Religious Programmers Offer Clean Alternative to Super Bowl Halftime Shows
Super Bowl halftime shows often burn more vivid images into the American conscience than the most-watched football game of the year, and can claim millions more viewers.
They can also ignite controversy, as Janet Jackson did with her halftime “wardrobe malfunction” in 2004. Last year, performing with Madonna, British-born hip-hop star M.I.A. gave the finger to 114 million people.
Outraged by the raunchy behavior, or simply to capture some of the Super Bowl’s supersized audience, some religious programmers are now producing halftime shows of their own.
In direct response to the Jackson breast-baring, Sky Angel, a national Christian television network, the next year offered a halftime alternative to Paul McCartney singing “Hey Jude,” with a special that included testimony from Christian athletes, as well as commentary about the Patriots-Eagles matchup.
More recently, Catholic TV and the Eternal Word Television Network have aired the Faith Bowl at halftime.

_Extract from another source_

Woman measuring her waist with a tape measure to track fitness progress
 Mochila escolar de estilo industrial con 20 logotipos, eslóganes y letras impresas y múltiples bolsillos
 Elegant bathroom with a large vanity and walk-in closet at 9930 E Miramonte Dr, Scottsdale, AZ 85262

Produced by the Hollywood-based, Catholic-oriented Family Theater Productions, the show has featured Catholics in sports preaching about how faith can inspire an athlete.

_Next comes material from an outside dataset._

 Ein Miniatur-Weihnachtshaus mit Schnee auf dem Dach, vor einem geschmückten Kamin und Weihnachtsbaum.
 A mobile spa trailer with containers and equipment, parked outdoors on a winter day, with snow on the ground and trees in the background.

Last year, Yeshiva University, the Orthodox Jewish university in New York City, introduced its “Torah Super Bowl Halftime Show” online, with glitzy, NFL-style graphics. Rabbi Lawrence Hajioff, who has moonlighted as a comedian, kicked off the first of three mini-lessons: “I thought maybe we could learn something by watching these people run around the field.”
The show got more than 3,000 hits.
This Sunday, a new crop of scholars from Yeshiva, which doesn’t have a football team, will relate the finer points of the sport to the Hebrew Bible, and intersperse their teachings with trivia. For example: “Who was the only Jewish football player to win four Super Bowls?” (The answer: Randy Grossman, who played for the Pittsburgh Steelers.)
Rabbi Kenneth Brander, head of the Center for the Jewish Future at Yeshiva University, and one of the featured teachers in this year’s YU video, is going up against 16-time Grammy winner Beyonce at halftime, as the San Francisco 49ers take on the Baltimore Ravens in New Orleans. He will keep the tone light as he compares football heroes to biblical heroes, and quipped that unlike Beyonce at President Obama’s inauguration, he and the other Torah scholars will actually be saying what the audience is hearing.
“We won’t be lip-syncing,” he said.
Brander described the YU halftime show as less a reaction to the halftime antics of the past than a chance to impart some Torah wisdom to whomever might tune in.
“A lot of people are watching the Super Bowl and the halftime show can be a time of reflection and introspection,” Brander said. “Why not be able to cull from sports ideas that can be transformative for Americans’ lives?”